Dataset section:
[Start of section]

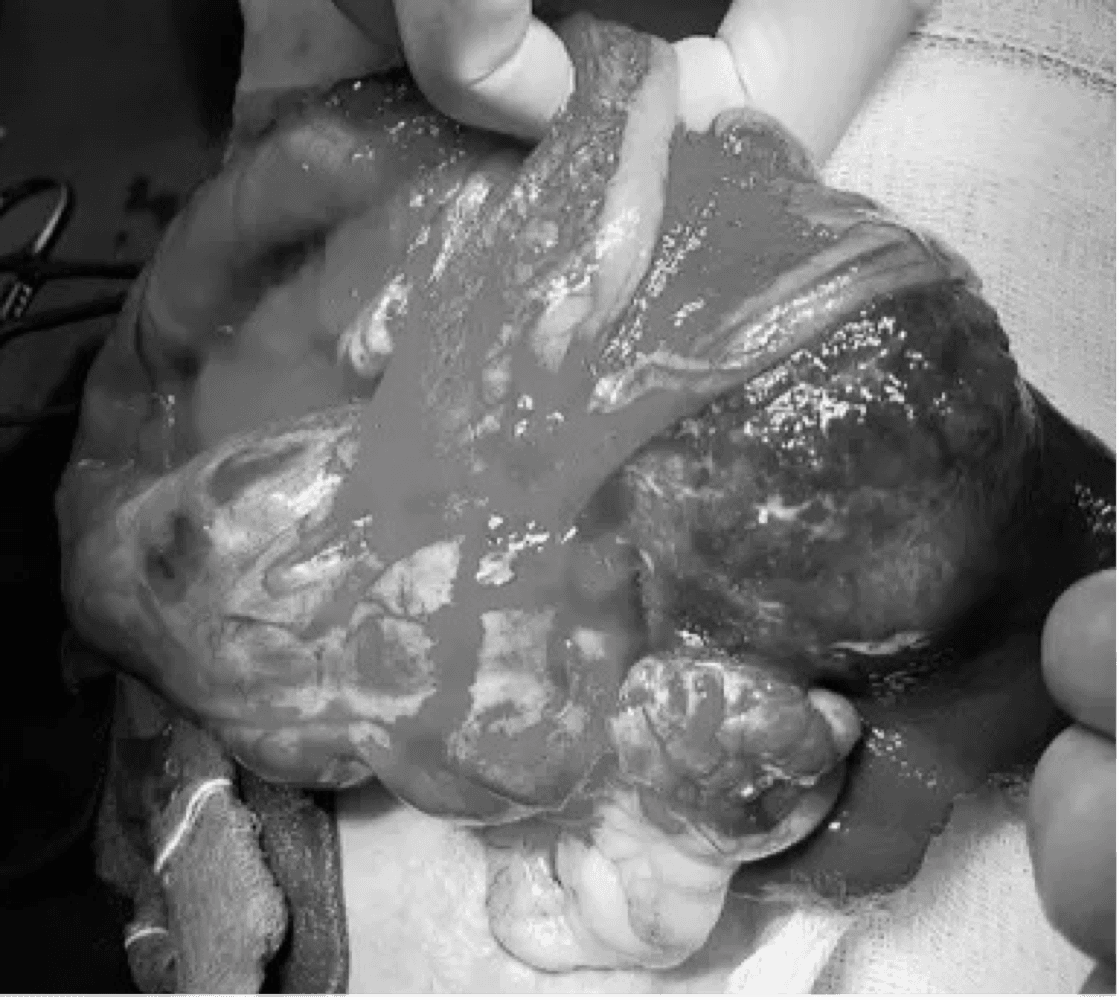 종양 치료 예시 이미지 2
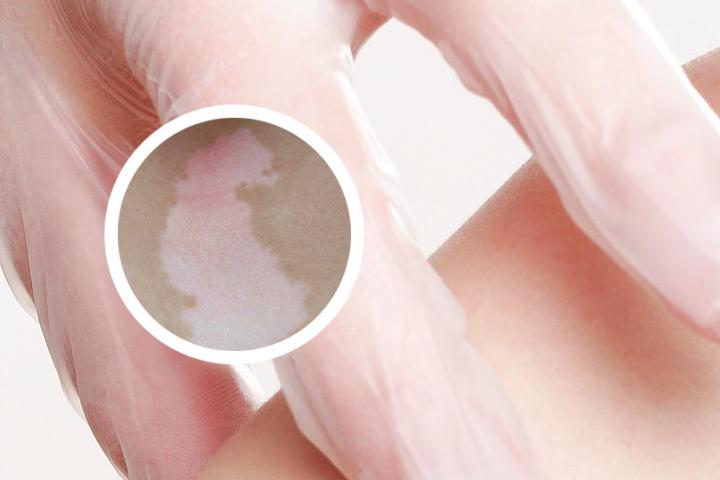 烟酒和白癜风恩怨
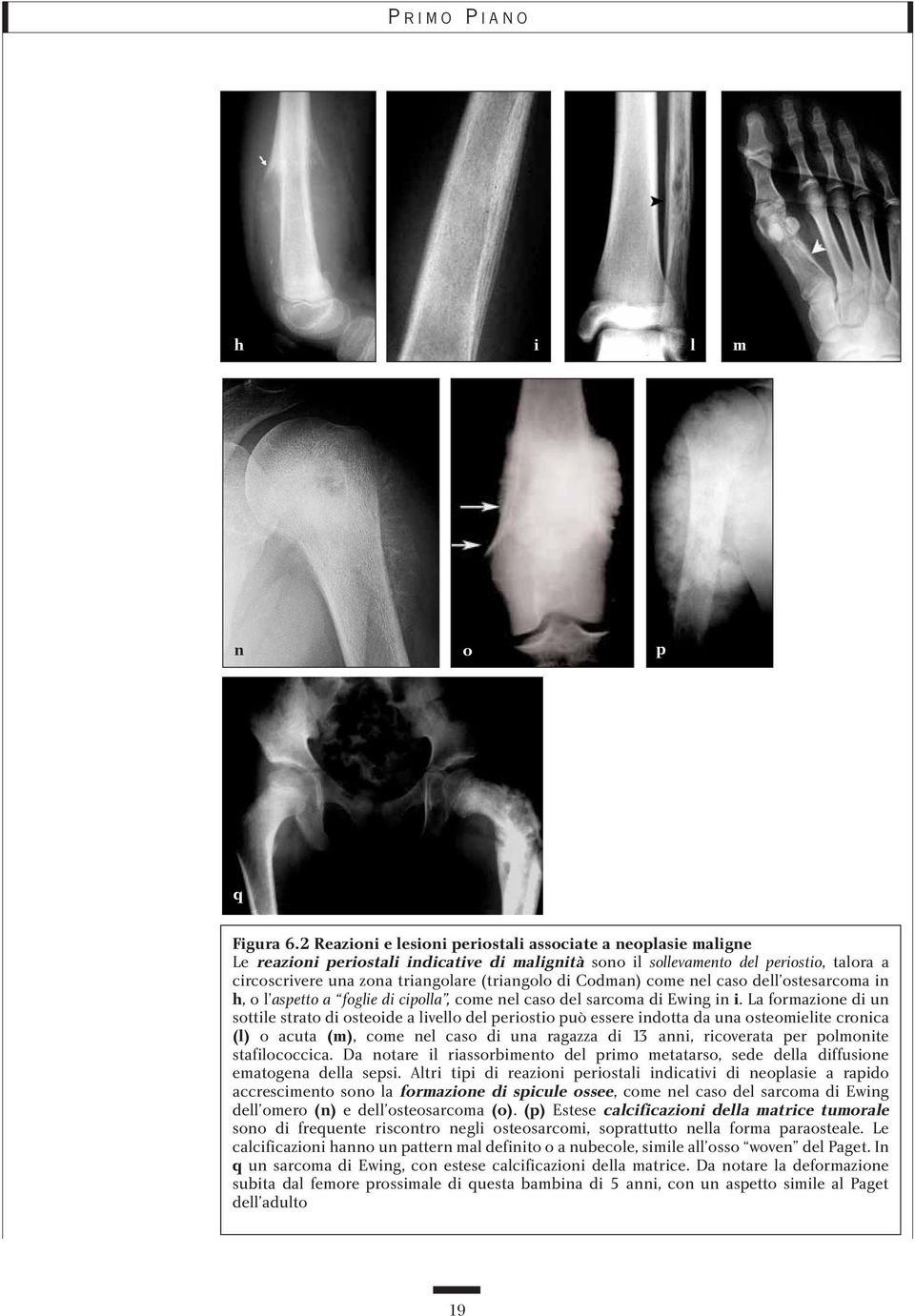 di Codman) come nel caso dell ostesarcoma in h, o l aspetto a foglie di cipolla, come nel caso del sarcoma di Ewing in i.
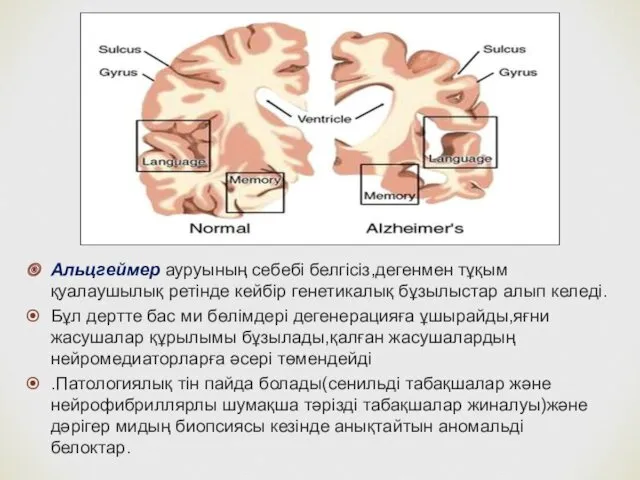 Альцгеймер ауруының себебі белгісіз,дегенмен тұқым қуалаушылық ретінде кейбір генетикалық бұзылыстар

[End of section]

What is expected: Leave out the pictures and set down all of the data exactly.

Response for this exercise:
 종양 치료 예시 이미지 2
 烟酒和白癜风恩怨
 di Codman) come nel caso dell ostesarcoma in h, o l aspetto a foglie di cipolla, come nel caso del sarcoma di Ewing in i.
 Альцгеймер ауруының себебі белгісіз,дегенмен тұқым қуалаушылық ретінде кейбір генетикалық бұзылыстар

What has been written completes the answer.